**Stored data**
* * *
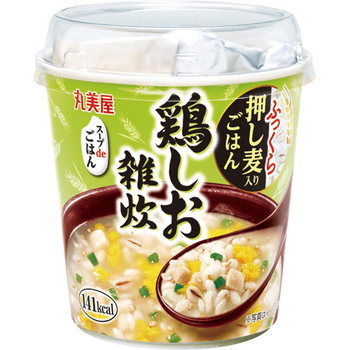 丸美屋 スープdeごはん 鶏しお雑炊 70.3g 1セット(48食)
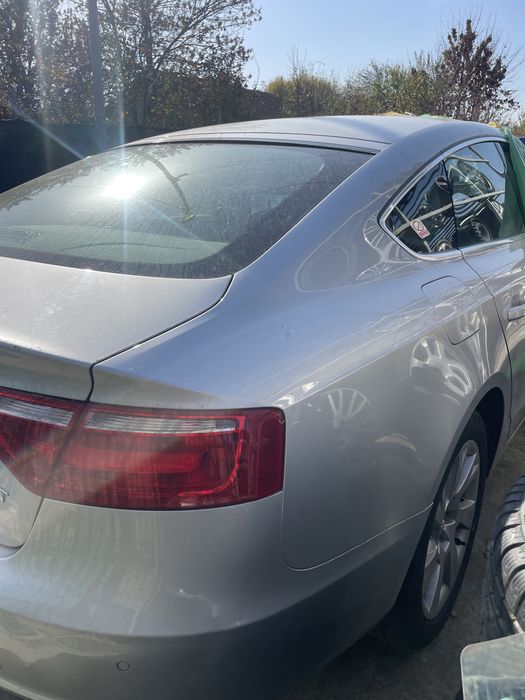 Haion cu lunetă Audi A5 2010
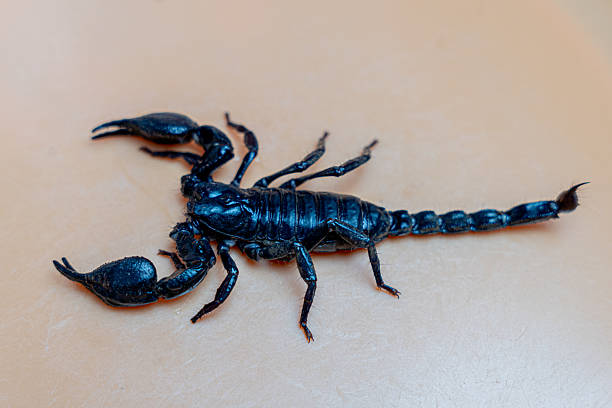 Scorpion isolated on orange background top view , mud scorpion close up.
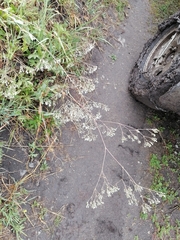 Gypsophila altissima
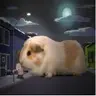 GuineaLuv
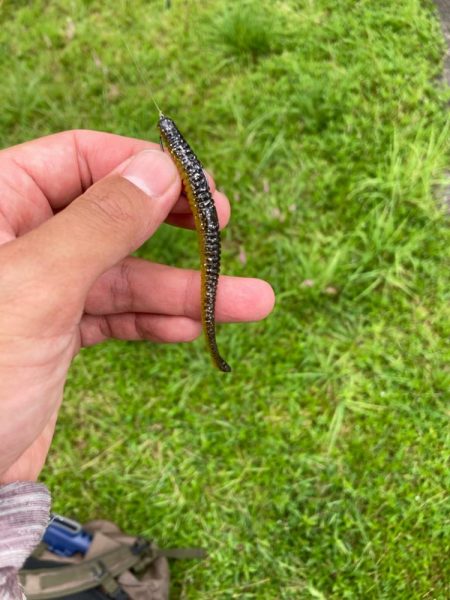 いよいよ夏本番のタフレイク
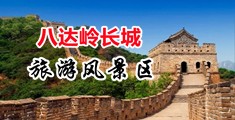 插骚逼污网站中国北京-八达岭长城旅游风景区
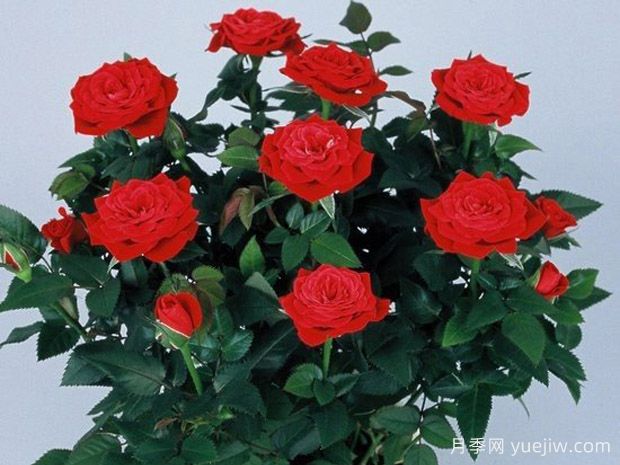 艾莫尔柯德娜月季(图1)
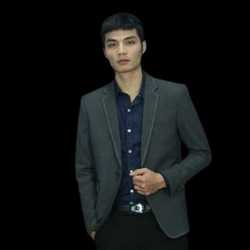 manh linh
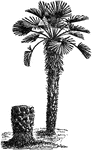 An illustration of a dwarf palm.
* * *
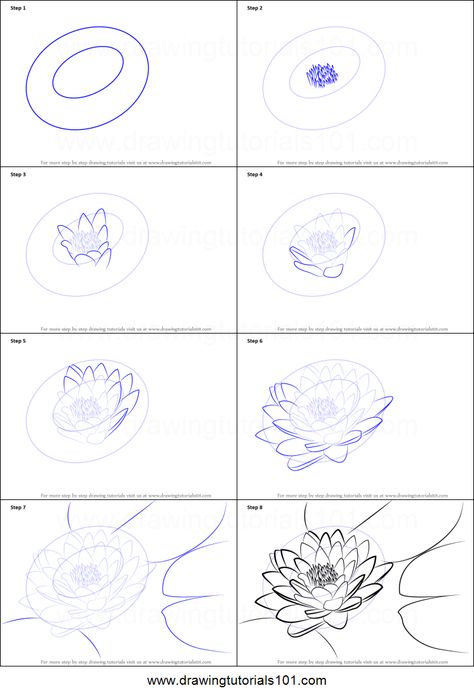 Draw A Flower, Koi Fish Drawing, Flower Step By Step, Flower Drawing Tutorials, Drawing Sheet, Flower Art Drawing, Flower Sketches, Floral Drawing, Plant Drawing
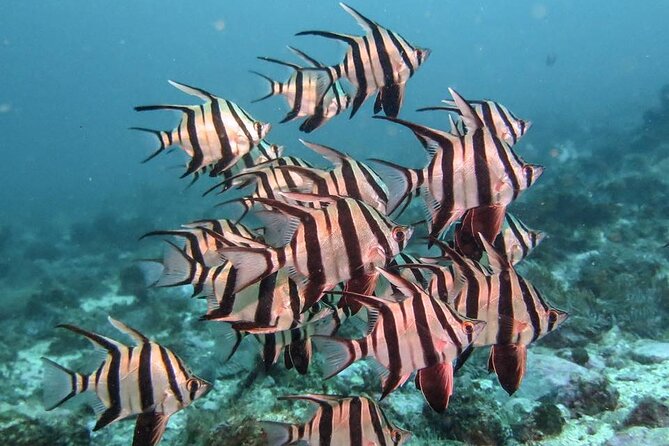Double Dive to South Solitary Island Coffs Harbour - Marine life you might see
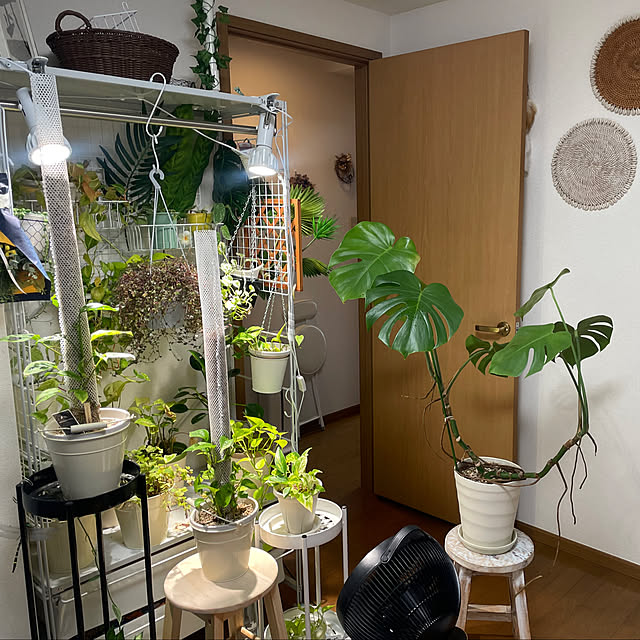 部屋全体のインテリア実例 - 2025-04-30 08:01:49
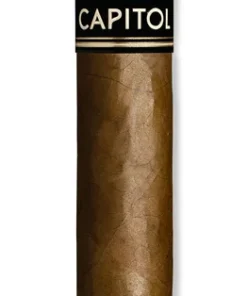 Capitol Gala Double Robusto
* * *
**The problem**
Would you please repeat only the lines above, beginning at the one that has "Draw A Flower, Koi" and stopping after the one that has "Capitol Gala Double Robusto", exactly and with no pictures?

**Answer section**
 Draw A Flower, Koi Fish Drawing, Flower Step By Step, Flower Drawing Tutorials, Drawing Sheet, Flower Art Drawing, Flower Sketches, Floral Drawing, Plant Drawing
Double Dive to South Solitary Island Coffs Harbour - Marine life you might see
 部屋全体のインテリア実例 - 2025-04-30 08:01:49
 Capitol Gala Double Robusto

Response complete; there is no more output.